Object Replacement (Rigid)
Object Replacement (Non-Rigid)
Color Alteration
Material Modification
Object Addition
Object Removal

Running Your Model on FiVE-Bench

⬇️ Step 1: Download the Dataset and Set Up Evaluation Code

Download the dataset from Hugging Face: 🔗 FiVE-Bench on Hugging Face
Follow the instructions in Installation Guide to download the dataset and install the evaluation code (FiVE_Bench).

Place the downloaded dataset in the directory: ./FiVE_Bench/data. The data structure should looks like:

📁 /path/to/code/FiVE_Bench/data
├── 📁 assets/
├── 📁 edit_prompt/
│   ├── 📄 edit1_FiVE.json
│   ├── 📄 edit2_FiVE.json
│   ├── 📄 edit3_FiVE.json
│   ├── 📄 edit4_FiVE.json
│   ├── 📄 edit5_FiVE.json
│   └── 📄 edit6_FiVE.json
├── 📄 README.md
├── 📦 bmasks.zip 
├── 📁 bmasks 
│   ├── 📁 0001_bus
│       ├── 🖼️ 00001.jpg
│       ├── 🖼️ 00002.jpg
│       ├── 🖼️ ...
│   ├── 📁 ...
├── 📦 images.zip 
├── 📁 images
│   ├── 📁 0001_bus
│       ├── 🖼️ 00001.jpg
│       ├── 🖼️ 00002.jpg
│       ├── 🖼️ ...
│   ├── 📁 ...
├── 📦 videos.zip 
├── 📁 videos
│   ├── 🎞️ 0001_bus.mp4
│   ├── 🎞️ 0002_girl-dog.mp4
│   ├── 🎞️ ...

🛠️ Step 2: Apply Your Video Editing Method

Use your video editing method to edit the FiVE-Bench videos based on the provided text prompts and generate the corresponding edited results.

Example implementations of our proposed rectified flow (RF)-based video editing methods are provided provided in the models/ directory:

- **[Pyramid-Edit](models/README.md#pyramid-edit)**: Diffusion-based video editing using Pyramid-Flow architecture

- **[Wan-Edit](models/README.md#wan-edit)**: Rectified flow-based video editing with Wan2.1-T2V-1.3B model

Quick Start with Provided Models

Run Pyramid-Edit:

# Setup model
cd models/pyramid-edit && mkdir -p hf/pyramid-flow-miniflux
# Download model checkpoint to hf/ directory
bash scripts/run_FiVE.sh

Run Wan-Edit:

# Setup model  
cd models/wan-edit && mkdir -p hf/Wan2.1-T2V-1.3B
# Download model checkpoint to hf/ directory
bash scripts/run_FiVE.sh

For detailed setup instructions and configuration options, see the Models Documentation.
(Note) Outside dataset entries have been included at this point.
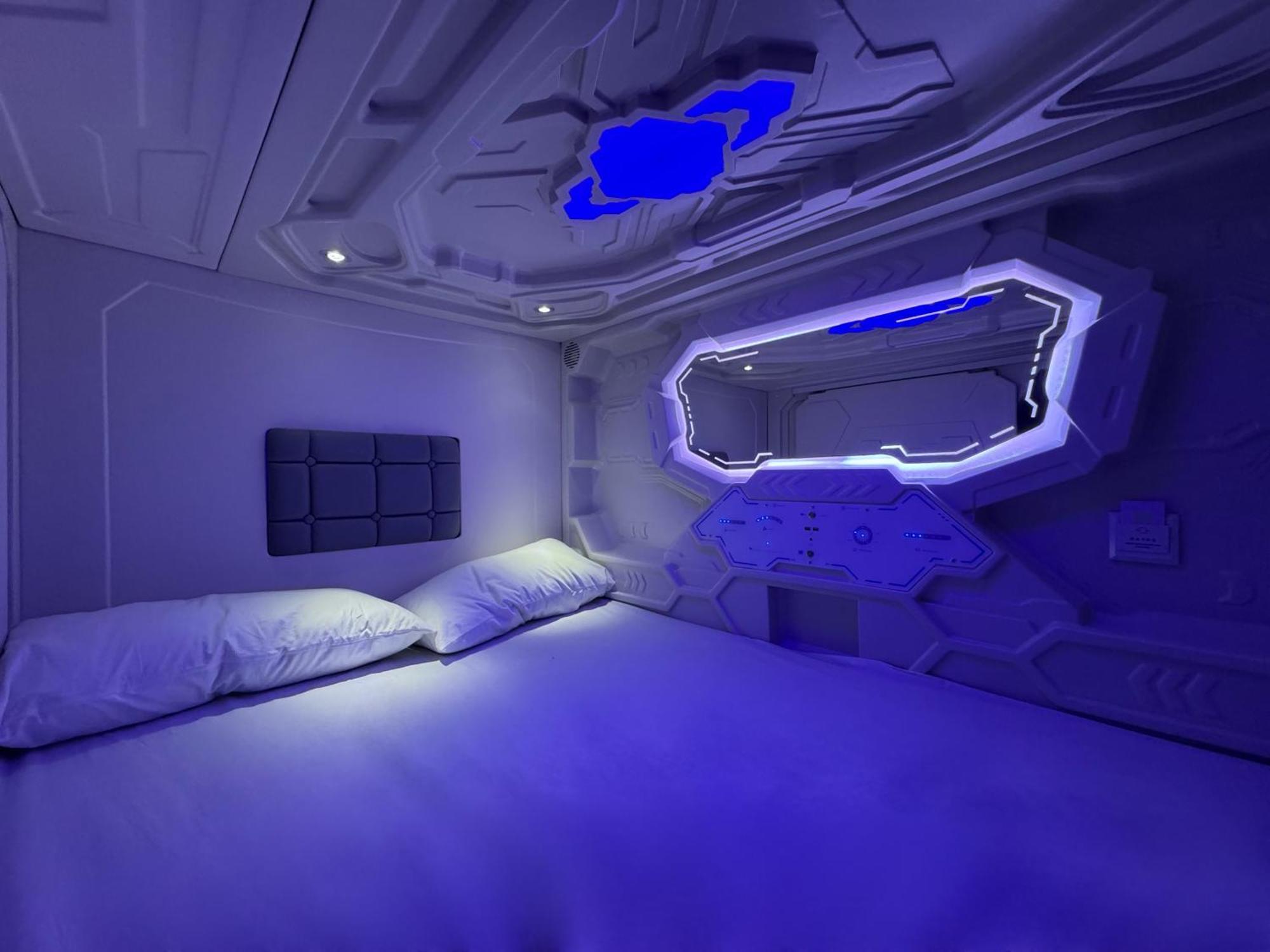 מדריד Hostel Space Capsule מראה חיצוני תמונה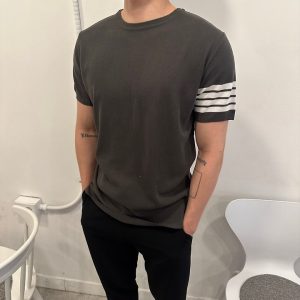 톰브라운 사선완장 반팔니트
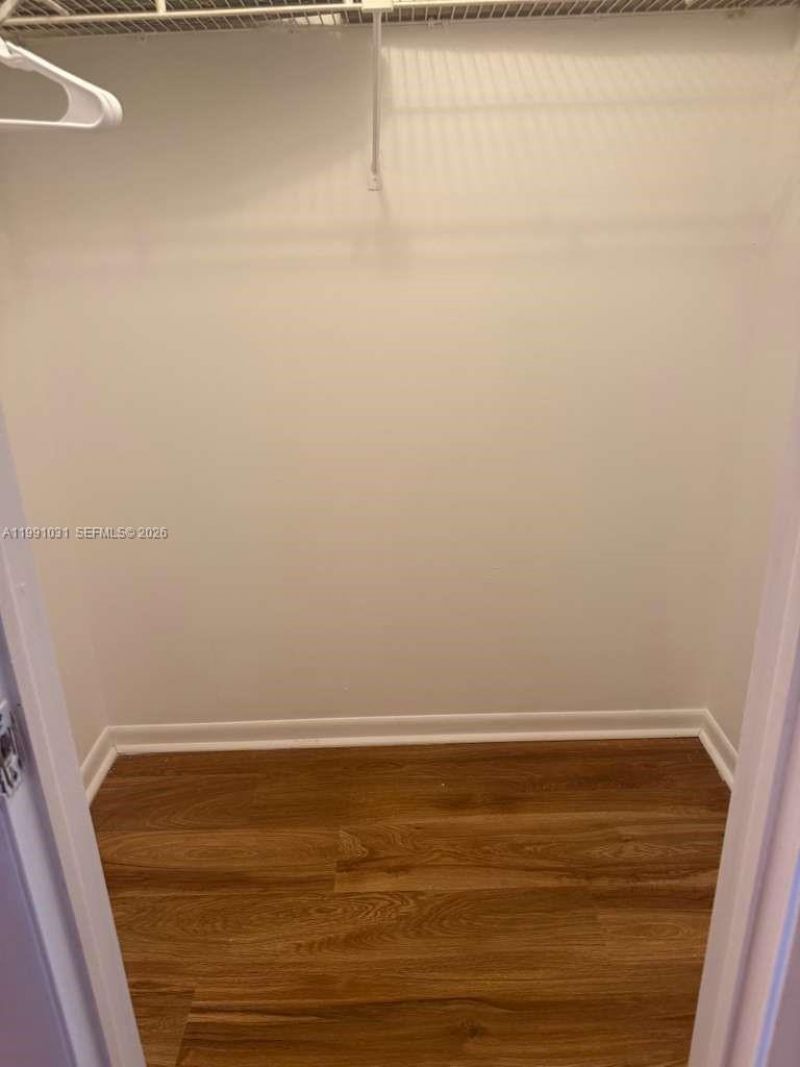 2 Briarwood Cir, Unit 212, Hollywood, FL 33024 Photo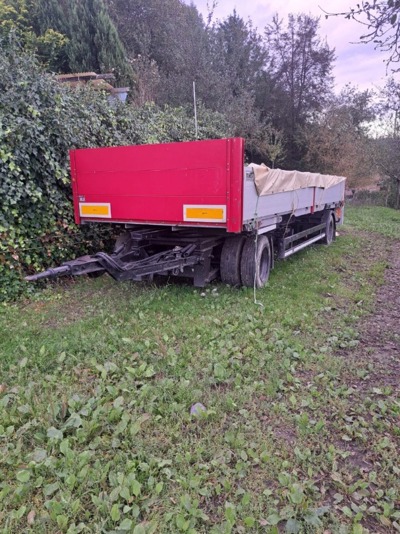 Transportanhänger Ballenwagen Pritschenwagen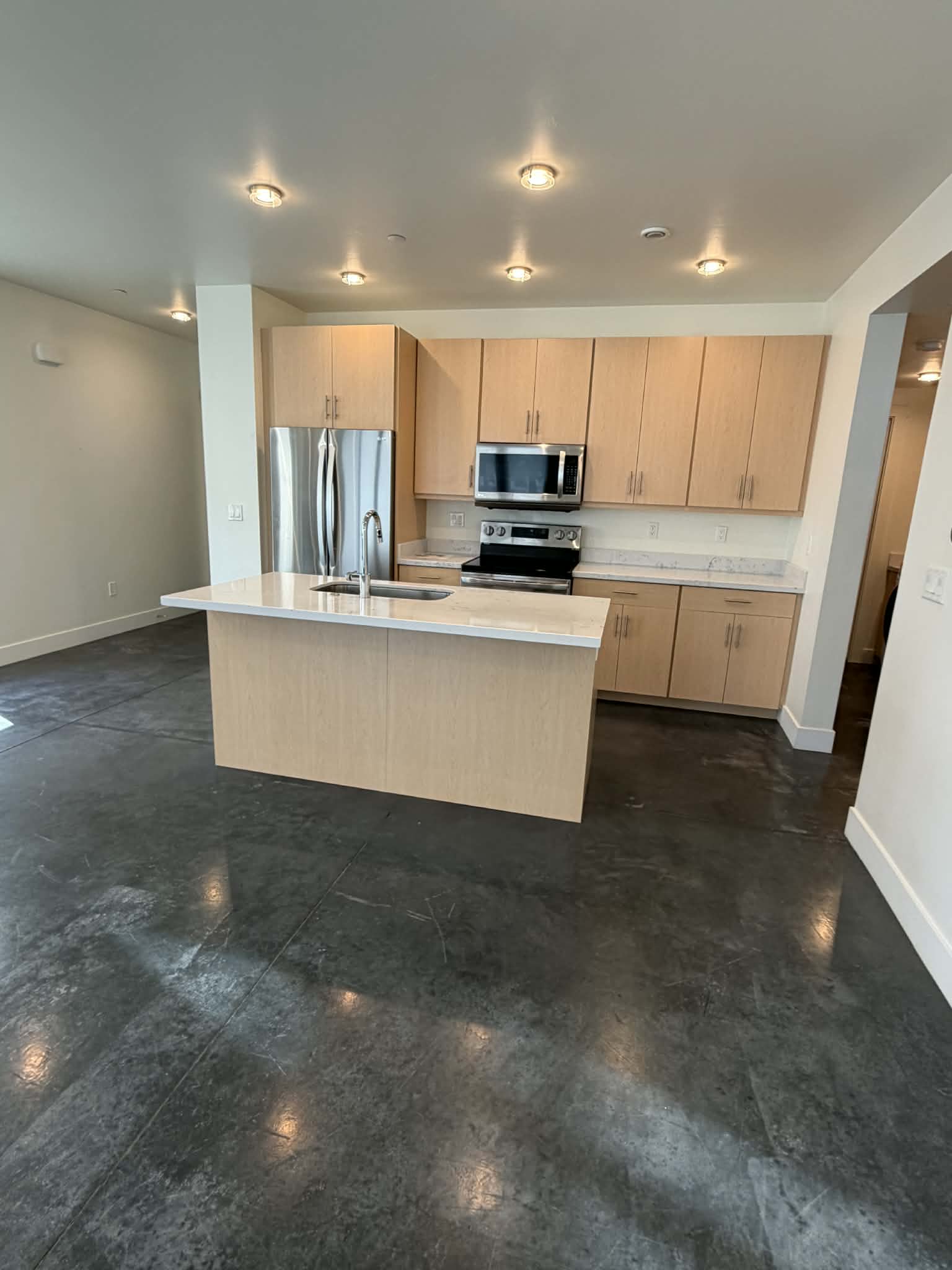 80 Beryl Ave Unit 3C – photo 3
📊 Step 3: Evaluate Editing Results

Follow the installation guide in Installation Guide to get the evaluation results.

sh scripts/eval_FiVE.sh

Evaluation Support Elements:

Editing Masks: Generated using SAM2 to assist in localized metric evaluation.
Editing Instructions: Structured directives for each source-target pair to guide model behavior.

FiVE-Bench provides comprehensive evaluation through two major components:

📐 1. Conventional Metrics (Across Six Key Aspects)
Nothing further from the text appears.